* TO DO *
Using the data below, transcribe exactly everything from the line that contains "Pendants Metal Shade" down to the line that contains "Estojo Eastpak Oval Single Frozen Navy". Include both of those lines and none of the pictures.

* INPUT *
________________________
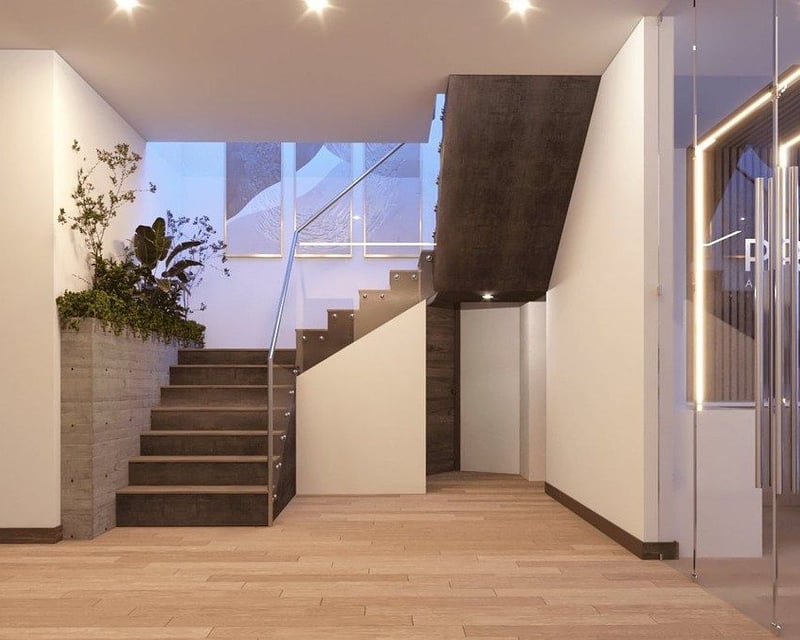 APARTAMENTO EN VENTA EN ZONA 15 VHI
________________________
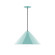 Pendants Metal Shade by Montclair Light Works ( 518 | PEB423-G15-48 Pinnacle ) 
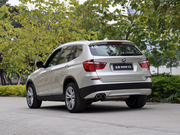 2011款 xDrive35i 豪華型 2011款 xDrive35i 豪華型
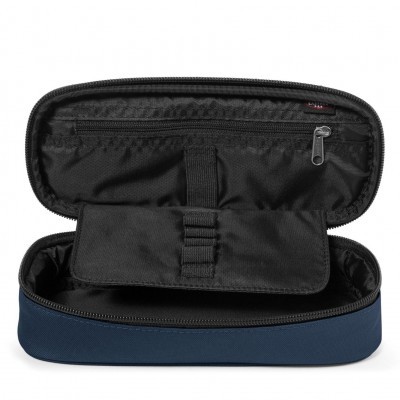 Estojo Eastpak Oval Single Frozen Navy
________________________
* ANSWER AREA *
 Pendants Metal Shade by Montclair Light Works ( 518 | PEB423-G15-48 Pinnacle ) 
 2011款 xDrive35i 豪華型 2011款 xDrive35i 豪華型
 Estojo Eastpak Oval Single Frozen Navy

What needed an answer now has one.